§ Source records
+ + +

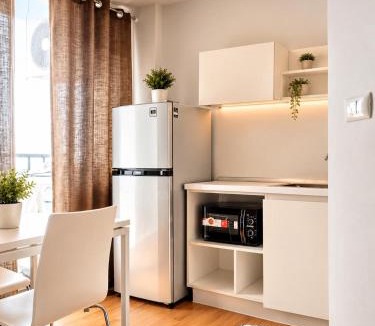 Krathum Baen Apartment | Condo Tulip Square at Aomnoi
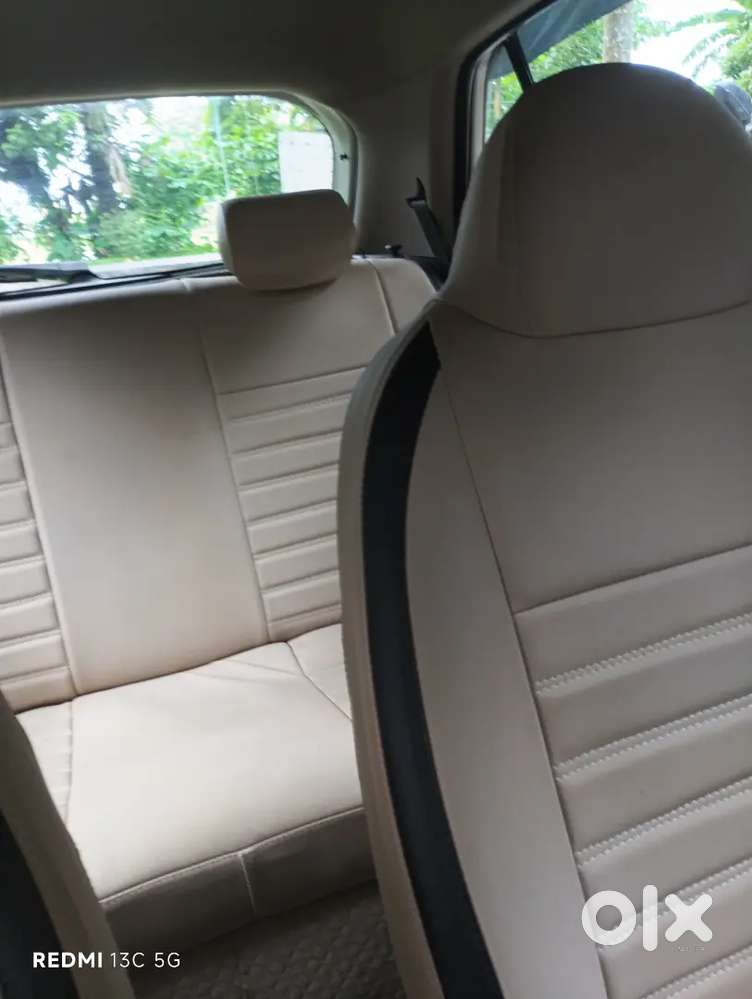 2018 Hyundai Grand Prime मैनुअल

+ + +

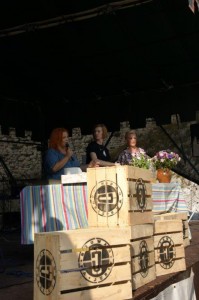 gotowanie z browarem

+ + +

§ Task to complete
Once the line with "Krathum Baen Apartment" has been found above, output that line and every later line exactly, stopping after the line with "2018 Hyundai Grand Prime मैनुअल", and omit the pictures.

§ Final answer
 Krathum Baen Apartment | Condo Tulip Square at Aomnoi
 2018 Hyundai Grand Prime मैनुअल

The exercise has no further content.